I became a journalist. :-)

Anika

Odysseus said...

-you were to take a straight metal bar about the diameter of a coat hanger and stick it through an assigned hole in a shoebox sized container filled with index cards and lift.-

I started at the Univ. of Arizona in Fall 1991. One English requirement was to learn the CARD CATALOG. Yes, we had to learn how to operate the card catalog to find our sources in the library.

This is the part where everyone under 30 scratches their head and says, "card catalog?".

I think computers took over the very next year. By 1993 at the latest.

Odysseus said...

-you were to take a straight metal bar about the diameter of a coat hanger and stick it through an assigned hole in a shoebox sized container filled with index cards and lift.-

I started at the Univ. of Arizona in Fall 1991. One English requirement was to learn the CARD CATALOG. Yes, we had to learn how to operate the card catalog to find our sources in the library.

This is the part where everyone under 30 scratches their head and says, "card catalog?".

I think computers took over the very next year.

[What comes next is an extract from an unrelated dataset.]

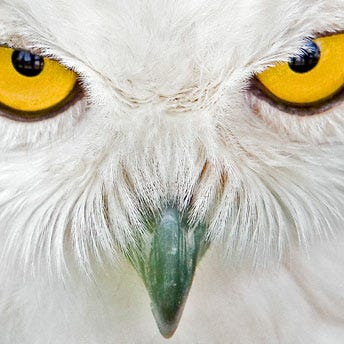 Owl Medicine - Paying Attention with Lisa Weikel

By 1993 at the latest.

Anonymous said...

I always knew what any test would suggest: Investor (in sackcloth and ashes.. and, now, also in Depends).

You people are nuts. Lovable ones.

Adoro said...

A Cruise Director, a Rabbi, an FBI Agent, a Librarian, and an Investor walked into a bar.

The Barkeep says, "What, is this a joke?

And we say, "No...the career tests were..."

(FYI ~ "Comedienne" was never on my list of possible careers.)

Adrienne said...

Thank God I was to be a plumber. Would have really mucked things up if I was called to the prieshood.

Unknown said...

Father dare I be so bold as to suggest that "Whats wrong with the world" can be traced directly to aptitude testing that told high schoolers they should plan for a lifetime career in cruise directing?

One wonders if Disco instructor was an option there as well.

Fr. V said...

LOL!

Anonymous said...

"Rabbi Adoro".. Well, it had a nice ring to it for a moment, lol.

Fr. V, perhaps it's time for you to begin making the book-to-be, "The Monday Diaries" a reality, yes?

Simple Sinner, yes, I think Disco Instructor was an option--surely that is what Womynpriests mistook for the invitation.